16 de junho de 2014 às 11:48
Da próxima vez não deixem de conhecer São José do Egito sertão de Pernambuco o berço imortal da poesia,além de arte cultura e lazer que a cidade oferece ao turista e de preferência em Julho a tradicional festa universitária vocês vão amar a nossa cidade é centenária…
Não sei o q estava procurando ou de “onde vim” pra parar aqui, mas estou muito feliz por me descobrir lendo seu relato de viagem. É sobre a minha terra, apesar de que, há 10 anos no Rio, me sinto Carioca, de Pernambuco, mas isso é outra história! Quero dizer q foi uma grata surpresa saber q recebemos sua visita e ver q os poucos lugares em q vcs estiveram, foram tão bem descritos. Da próxima vez, não deixe de ir a Fazenda nova, onde fica o Teatro de Nova Jerusalém, pq embora não seja Caruaru, é muito próximo e pode-se dizer, passagem p/ este destino. um santuário no meio do Agreste, fruto da determinação de um visionário. Bonito, bem cuidado e na época de semana Santa, abriga um belo espetáculo. Abçs e saiba q adoro seu programa na Band!
Em Bezerros há o Museu do Folclore que é fantástico. Não consegui acreditar que estava no sertão nordestino. Além do acervo abrangente das artes populares é auto-explicativo. Já estive lá duas vezes ( e centenas de fotos) e pretendo voltar.
A cidade de Bezerros tem uma dezena de ateliers de xilogravuras
Antes de chegar em Gravatá BR 272 km 71 tem a loja de laticinios ( em Recife também tem, mas não sei onde) Campo da Serra, que., me desculpem os mineiros de Cruzília, e os Capixabas de Venda NOva do Emigrante, dá de dez a zero na qualidade dos queijos.
Há muito tempo, por alguns anos, eu estudei em talhe doce e xilogravura. Certamente um dia eu vou voltar a gravar, porque ele realmente me fascina tanto gravura em “aguafuerte” ou em “punta seca” (disculpe, eu não sei a tradução) como o trabalho em xilogravura. Excelente encontrar esse Museu de Xilogravura.
Adorei a dica!
Parabens Riq! Texto e fotos maravilhosos.

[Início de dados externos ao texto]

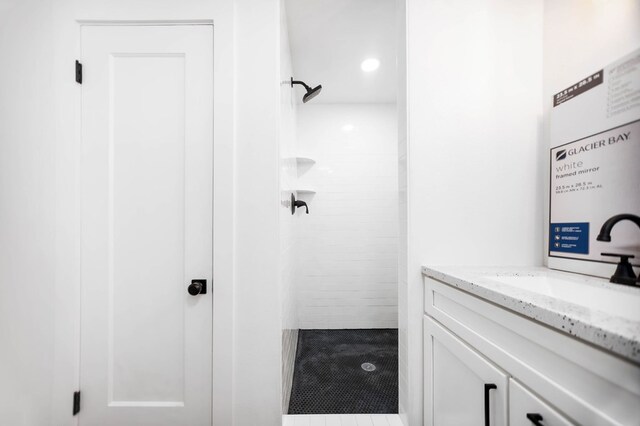 508 Jefferson Ave, Lufkin, TX 74904 - full bathroom featuring tiled shower and vanity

Fiquei com vontade de fazer este passeio.
que belo passeio. como boa pernambucana, já tive a oportunidade de visitar vários desses locais.
os que não conheço, já anotei para visitar em uma próxima oportunidade.
“A feira de Caruaru,
dá gosta da gente vê.
De tudo que há no mundo,
nela tem pra vender.”
(pelo visto, já não é mais como nos tempos do Gonzagão, mas pelo menos a obra de Mestre Vitalino vai se perpetuando)
Parabéns, Riq! Cultura popular brasileira, que coisa mais linda!